▸ Data for analysis:
Start of Block
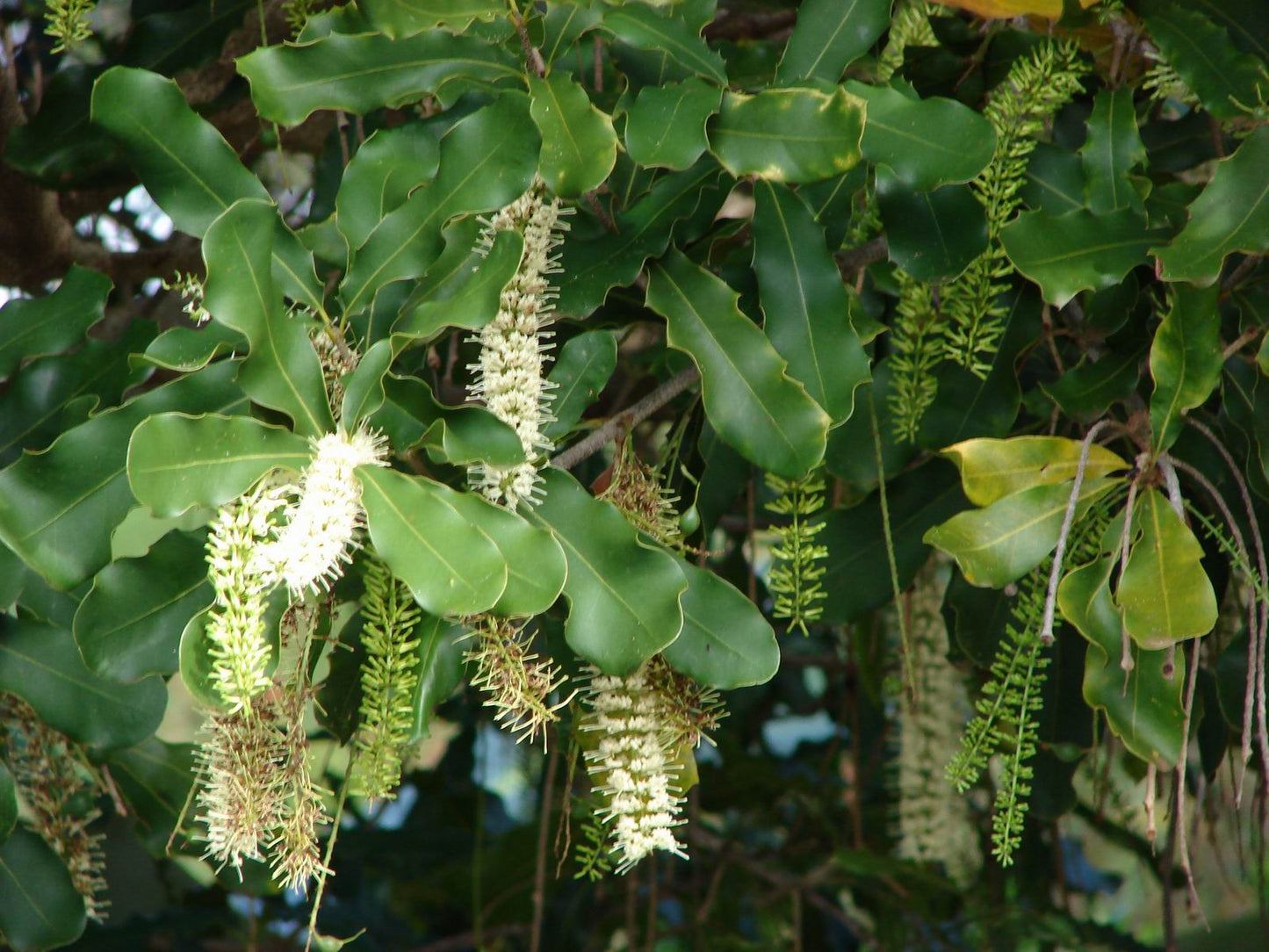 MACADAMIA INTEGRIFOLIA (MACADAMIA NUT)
End of Block
Start of Block
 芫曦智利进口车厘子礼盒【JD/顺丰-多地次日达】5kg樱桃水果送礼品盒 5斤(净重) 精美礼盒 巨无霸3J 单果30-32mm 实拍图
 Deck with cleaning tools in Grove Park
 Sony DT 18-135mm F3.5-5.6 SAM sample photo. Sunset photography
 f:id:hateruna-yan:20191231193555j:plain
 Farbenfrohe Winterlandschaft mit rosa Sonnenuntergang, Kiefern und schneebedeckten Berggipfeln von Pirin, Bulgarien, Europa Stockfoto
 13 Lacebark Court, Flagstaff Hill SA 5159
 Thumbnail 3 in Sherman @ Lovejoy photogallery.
End of Block
▸ What to do:
Beginning at the line above that contains "13 Lacebark Court, Flagstaff Hill SA 5159", return each line exactly through the line that contains "Thumbnail 3 in", and no others.

▸ Exercise result:
 13 Lacebark Court, Flagstaff Hill SA 5159
 Thumbnail 3 in Sherman @ Lovejoy photogallery.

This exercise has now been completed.